TAIPEI – The global DRAM industry posted $8.56 billion in revenue in the first quarter, down 16.6% sequentially, says DRAMeXchange, a division of TrendForce. The research firm attributes the decline to market oversupply and sliding average selling prices.
“While there was some demand from smartphone inventory restocking in China, the first quarter is traditionally the slow period, and downward revisions on notebooks and iPhone shipment estimates further exacerbated the oversupply problem in the DRAM market,” said DRAMeXchange research director Avril Wu.
In the first quarter, Samsung securely held its position as the industry’s revenue leader, the firm says. Although Samsung’s revenue fell 16.6% sequentially to $3.97 billion, its market share remained constant at 46.4%.
Sliding prices significantly impacted SK Hynix’s revenue, resulting in a 19.2% sequential decline to $2.32 billion. SK Hynix retained second place in the revenue ranking with a market share of 27.1%. Micron also continued to fill the No. 3 spot with a market share of 18.5%.
Looking at suppliers’ first-quarter operating margins, Samsung and SK Hynix were at 40% and 14%, respectively. Both South Korean memory makers suffered only a slight drop compared with the previous quarter, says DRAMeXchange. Micron, on the other hand, posted a negative operating margin of 1.2%, which was a sharp deterioration compared with 8.5% in the fourth quarter of 2015.
Samsung continues to raise the percentage of 20nm production in its total output. The yield rate of Samsung’s 20nm process is also higher than its competitors’ advanced processes, says the research firm. Thus, Samsung currently has the lowest production cost among the top three suppliers. The South Korean memory maker plans to begin migrating to 18nm technology in the middle of this year. By further improving the cost structures of mobile and PC DRAM products, Samsung will be able to remain profitable, even as the prices keep falling.

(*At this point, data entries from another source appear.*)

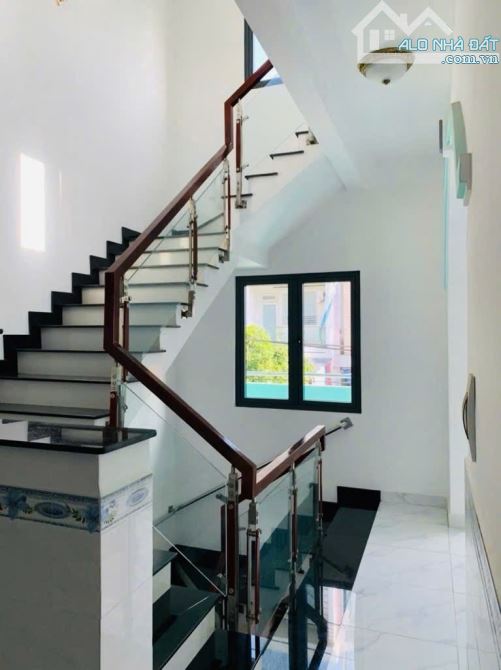 Nhà 2 MẶT HẺM 196m2(7/14 X 24 )3 Tầng- 1 MẶT TIỀN Kinh Doanh Hẻm 1/ Xe Tải Tránh có lề - 10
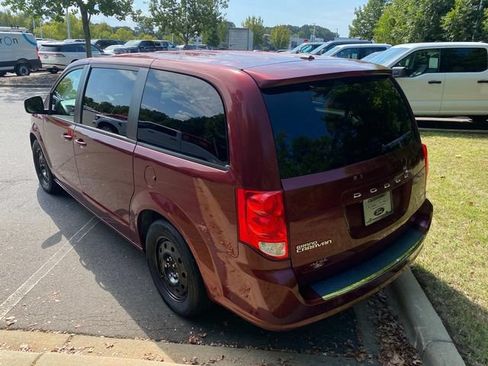 Used 2018 Dodge Grand Caravan SE w/ UConnect Hands-Free Group FWD image 29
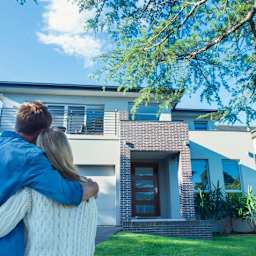 Un jeune couple dans une maison en pleine rénovation.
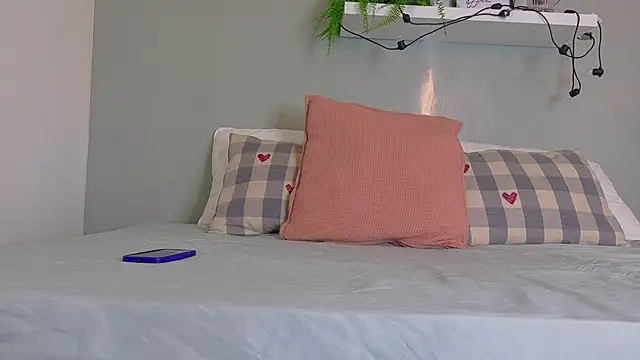 KeendraFox  online show from 9, 11, 2025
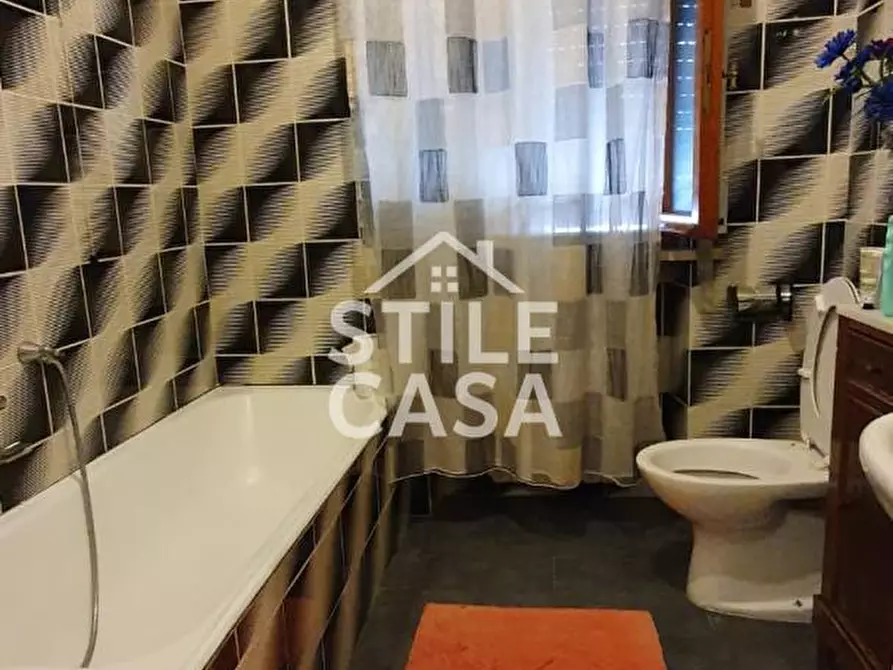 Immagine 7 di Casa bifamiliare in vendita  a Porcari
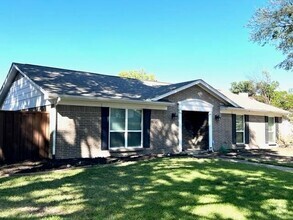 Building Photo - 1316 Seminole Dr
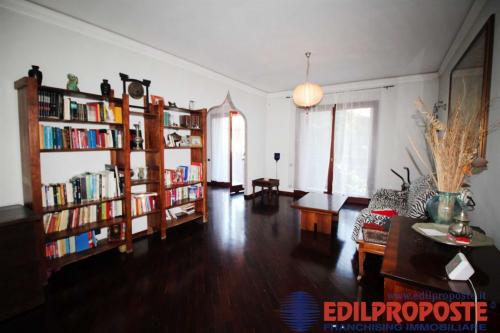 Villa in vendita a Cogliate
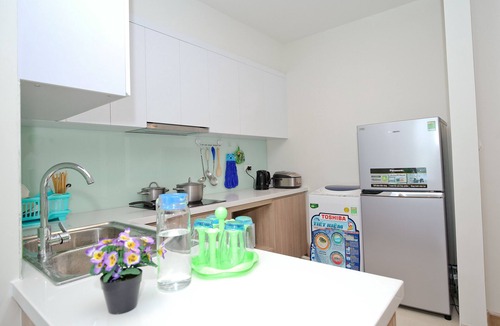 Bai Chay Apartment | THe place is no longer available.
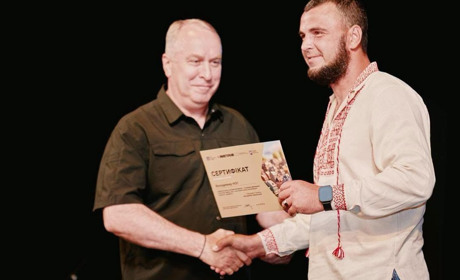 Золотоніським ветеранам війни вручили житлові сертифікати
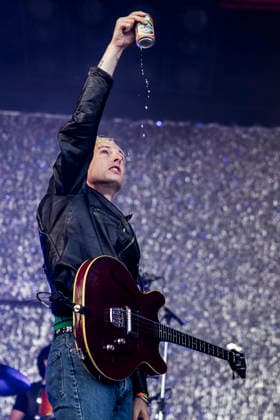 Wolf Alice live at Roskilde Festival 2026 Roskilde, Denmark. 01st, July 2026. The British alternative rock band Wolf Alice performs a live concert during the Danish music festival Roskilde Festival 2026 in Roskilde. Here bass player Theo Ellis is seen live on stage. Denmark, Roskilde  Copyright: xGonzalesxPhoto LassexLagonix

SK Hynix began adopting 21nm technology in the fourth quarter of 2015 and ramped up production on this process in the first quarter of this year. However, all of SK Hynix’s 21nm products were still in the client testing phase, so their contribution to first-quarter revenue was marginal.

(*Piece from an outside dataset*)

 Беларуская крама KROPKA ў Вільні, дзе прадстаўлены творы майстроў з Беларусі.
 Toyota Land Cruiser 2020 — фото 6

Micron migrated to 20nm technology in the fourth quarter last year and has completed the client testing for most PC and server DRAM products made on the advanced process. However, there is still room for improvement on the yield rate, so cost-reduction is limited.

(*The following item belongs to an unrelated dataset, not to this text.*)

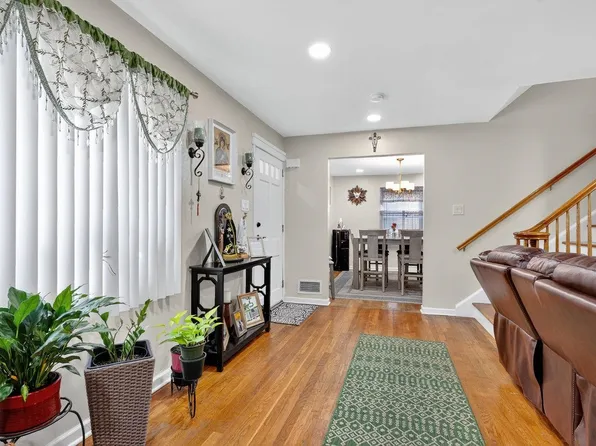 870 Passaic Avenue image 5 of 25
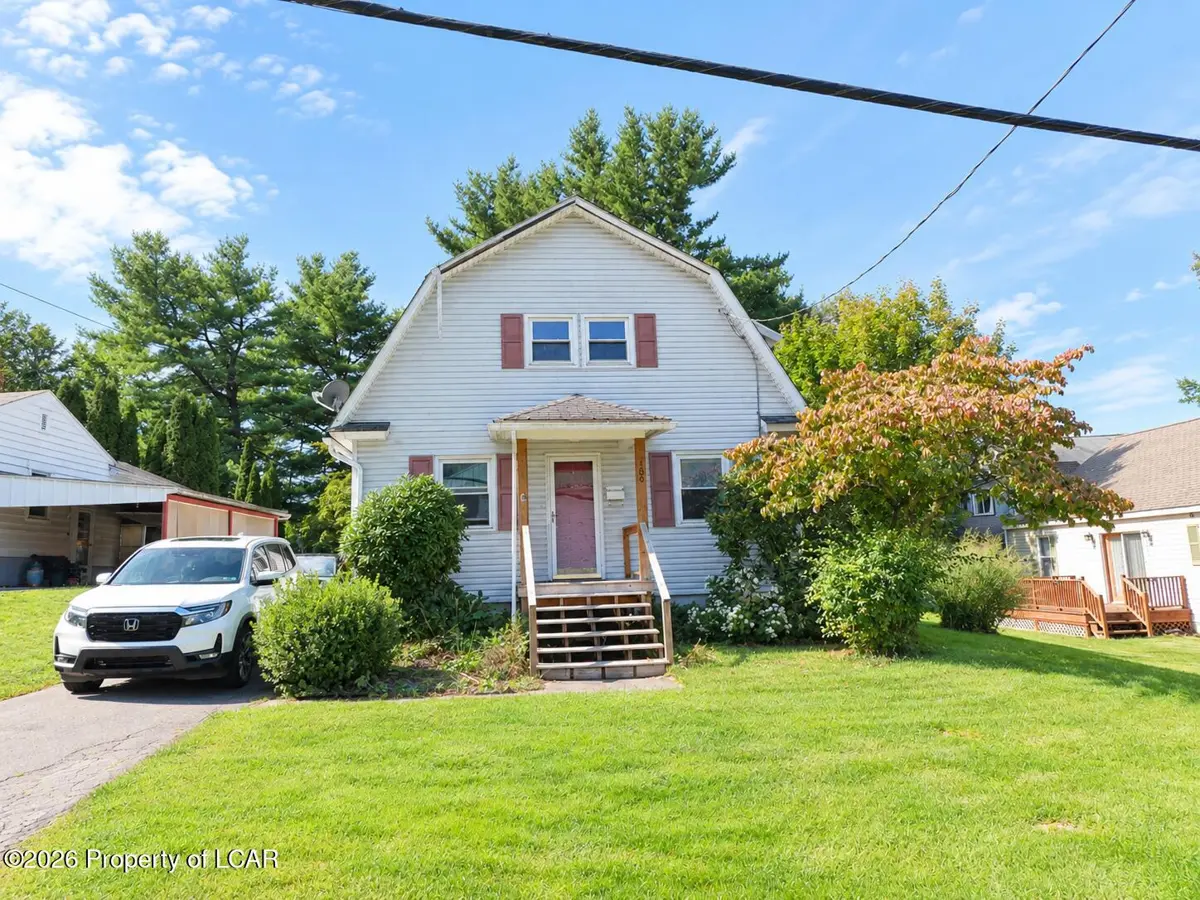100 N Lehigh Street, Shavertown - 3 bed - 2 bath - 1,392 SF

Nanya fared relatively well among the global DRAM makers, maintaining the same revenue level as the previous quarter, with a gross margin of 32.7%. Nanya’s result was mainly attributed to an increase in the total output that came from the expansion of its 30nm-shrink production.
Powerchip’s DRAM capacity reached 88,000 wafers per month in the first quarter, up by 4000 wafers compared with the fourth quarter of 2015. This small capacity increase boosted Powerchip’s revenue slightly.
Winbond experienced small quarterly growth in revenue on account of the company’s long-term efforts to develop the automotive electronics market. Winbond is expected to finish R&D on its 38nm process in 2017. Manufacturing on the 38nm will push the Taiwanese memory maker forward in its technology migration after taking a long pause in recent years.